The indentation is wrong too. The same below.

pengfei requested changes to this revision.Sep 22 2021, 2:28 AM

The format in this file was wrongly formatted.

llvm/lib/Target/X86/X86ISelLowering.cpp
47533

Yeah, I prefer to checking both in line 47582.

47582

Should this be

AllowContract(Op0->getFlags()) && (ISD::isBuildVectorAllZeros(Op0->getOperand(0).getNode()) && Op0->getFlags().hasNoSignedZeros()) || IsVectorAllNegativeZero(Op0->getOperand(0).getNode()))

I.e, check AllowContract together with IsVectorAllNegativeZero as well.

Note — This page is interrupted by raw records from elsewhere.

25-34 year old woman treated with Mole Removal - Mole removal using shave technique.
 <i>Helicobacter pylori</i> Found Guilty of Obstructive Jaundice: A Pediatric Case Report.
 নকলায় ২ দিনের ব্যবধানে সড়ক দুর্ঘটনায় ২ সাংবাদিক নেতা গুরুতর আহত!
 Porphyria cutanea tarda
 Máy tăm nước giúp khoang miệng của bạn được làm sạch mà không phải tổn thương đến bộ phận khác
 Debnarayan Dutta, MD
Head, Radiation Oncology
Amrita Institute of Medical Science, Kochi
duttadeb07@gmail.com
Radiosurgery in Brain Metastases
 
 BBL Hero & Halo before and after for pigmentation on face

This revision now requires changes to proceed.Sep 22 2021, 2:28 AM
LiuChen3 added inline comments.Sep 22 2021, 6:33 AM
llvm/lib/Target/X86/X86ISelLowering.cpp
47582

AllowContract will check hasNoSignedZeros(). It seems that we can only do this combination when the fast-math flag is set, No matter if the third operand is +0.0 or 0.0.
+0.0 or -0.0 affects the conversion of FMA(a, b, ±0.0) to FMUL(a, b).

47612–47621

Sorry for this. Looks like I accidentally do some change here.

LiuChen3 updated this revision to Diff 374432.Sep 22 2021, 8:27 PM
  1. Remove redundant option checkRemove redundant option check.
  2. Reformat.
pengfei added inline comments.Sep 22 2021, 10:50 PM
llvm/test/CodeGen/X86/avx512fp16-combine-vfmac-fadd.ll
3

How about CHECK,NO-SZ

4

How about CHECK,HAS-SZ

LiuChen3 updated this revision to Diff 374445.Sep 22 2021, 11:02 PM

Address comments.

pengfei accepted this revision.Sep 22 2021, 11:11 PM

LGTM.

This revision is now accepted and ready to land.Sep 22 2021, 11:11 PM
This revision was landed with ongoing or failed builds.Sep 23 2021, 12:37 AM
This revision was automatically updated to reflect the committed changes.

Thanks for you review. The order of operand is changed in final commit: The addend of FMA builtin is moved from the first to the third.